Bleomycin is dissolved in physiological saline solution, producing a concentration of 1-3 x 103 IU/mL; this solution is then injected into the tumour and the surrounding tissue.
Following drainage of the pleural cavity, bleomycin dissolved in 100 ml physiological saline solution and instilled via the puncture cannula or drainage catheter. The cannula or catheter is then removed. In order to ensure uniform distribution of the bleomycin in the serous cavity, position of patient should be changed every 5 minutes for a period of 20 minutes.
Approximately 45% of Bleomycin will be absorbed; this has to be considered for total dose (body surface area, kidney function, lung function).

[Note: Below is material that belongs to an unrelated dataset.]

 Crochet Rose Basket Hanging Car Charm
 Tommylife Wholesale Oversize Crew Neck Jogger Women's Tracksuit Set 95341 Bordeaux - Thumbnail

Perivascular administration of bleomycin does not usually require any specific measures. If in doubt (highly concentrated solution, sclerotic tissue, etc.) perfusion can be performed with a physiological saline solution.
The reconstituted/diluted product should be used immediately.

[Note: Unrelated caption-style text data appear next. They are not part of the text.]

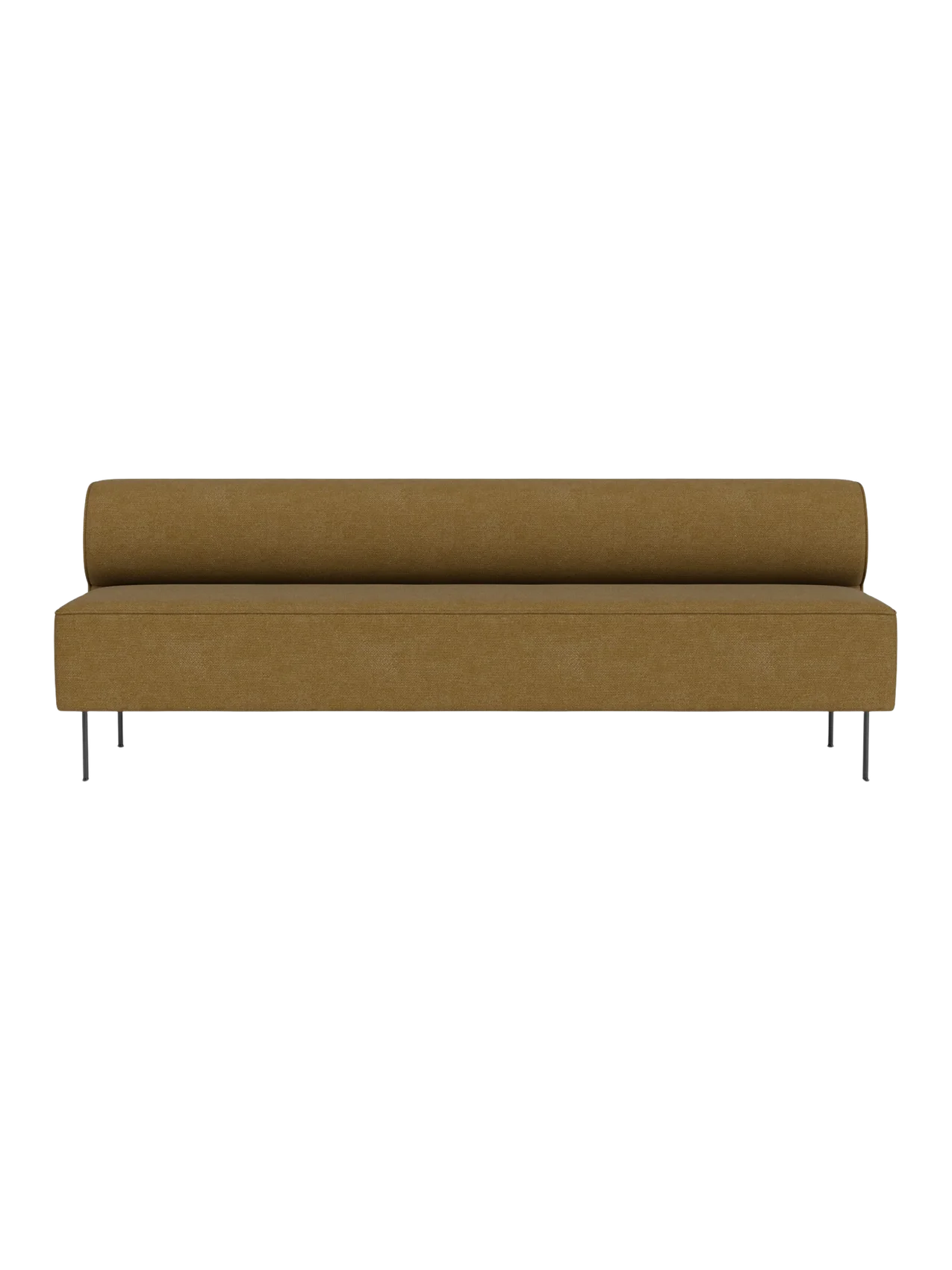 A front view of the Eave Dining Sofa, upholstered in a mustard-brown fabric with a low backrest and slender metal legs.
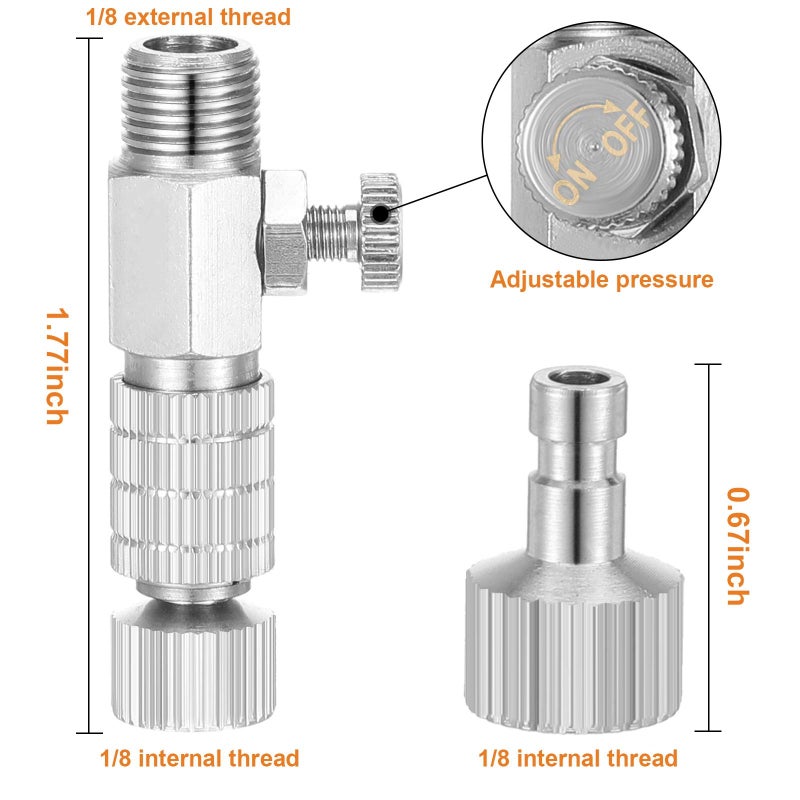 Hotop 13 Pieces Airbrush Adapter Set, Including Airbrush Adapter Kit Airbrush Quick Release Disconnect Fitting Connector Set for Air Compressor and Airbrush Hose - Image 3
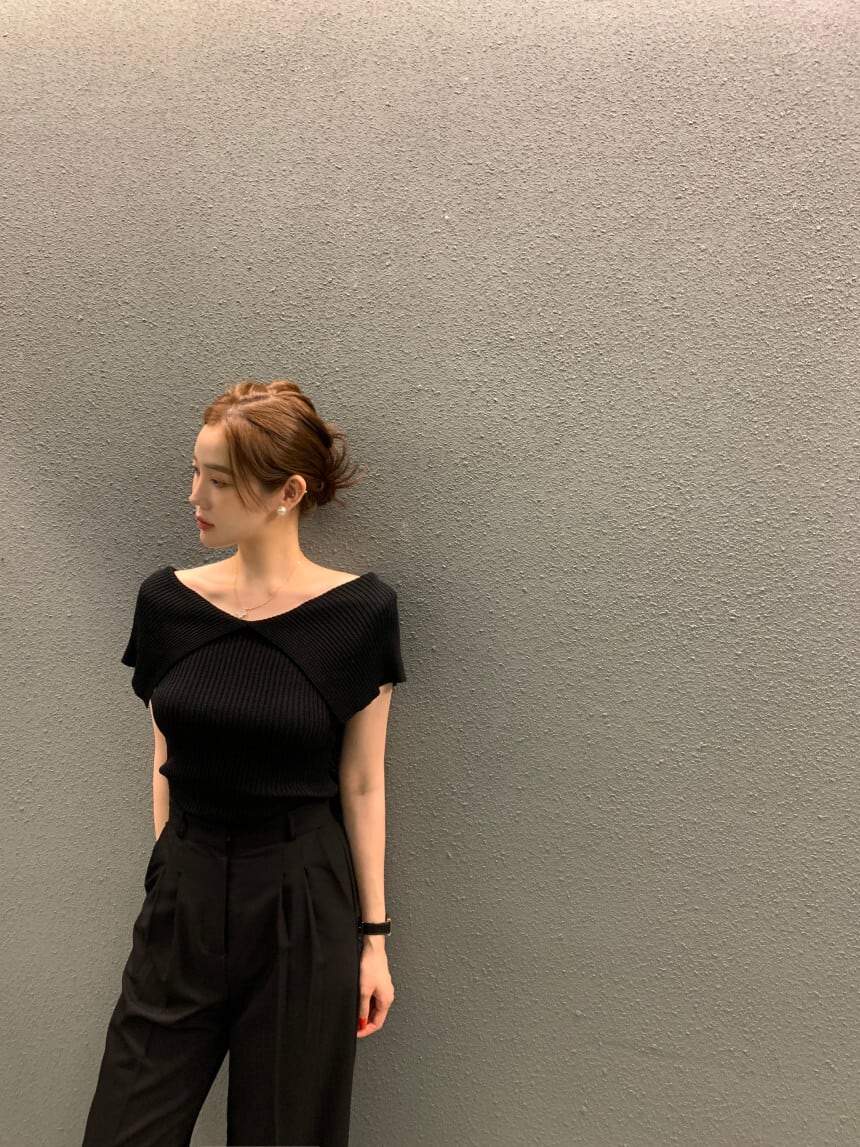 【tops】2色大きいラペルニットTシャツF7368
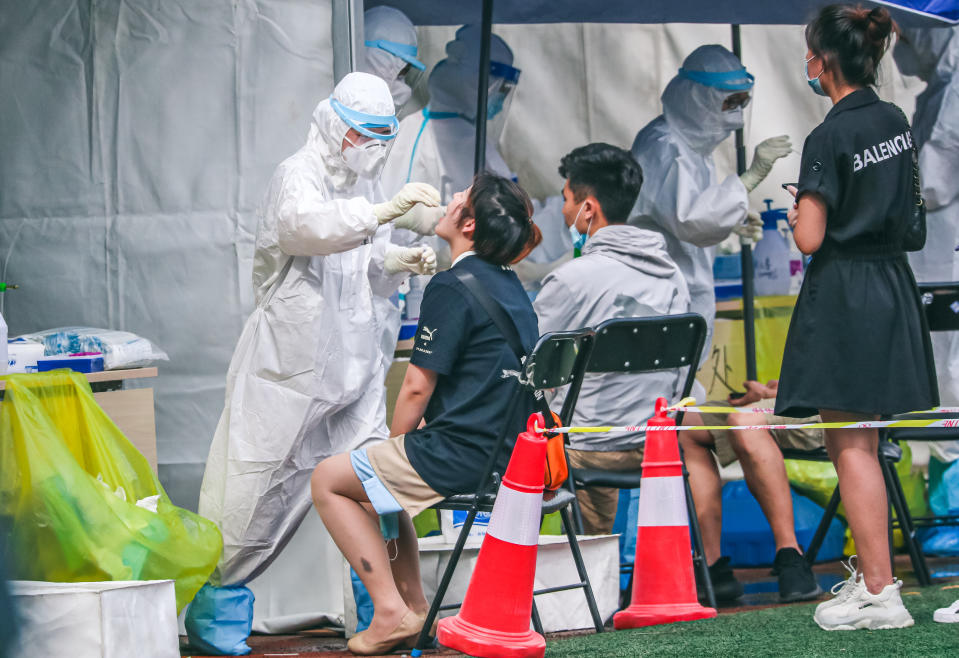 Xinfadi market workers take nucleic acid test in Beijing, China on June 17, 2020.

Single use only, the reconstituted solution is a clear pale yellow solution. Any unused solution should be discarded.
The general guidelines for safe handling of cytotoxic medicinal products must be adhered to. Appropriate precautions should be taken to avoid contact with the skin, mucous membranes and eyes. In the event of contamination, the parts affected should be washed thoroughly with water.
Urine produced for up to 72 hours after administration of bleomycin should be handled wearing protective clothing.
There is no specific antidote. It is virtually impossible to eliminate bleomycin from the body by dialysis.
The acute reaction following an overdose consists of hypotension, fever, tachycardia, and generalised shock.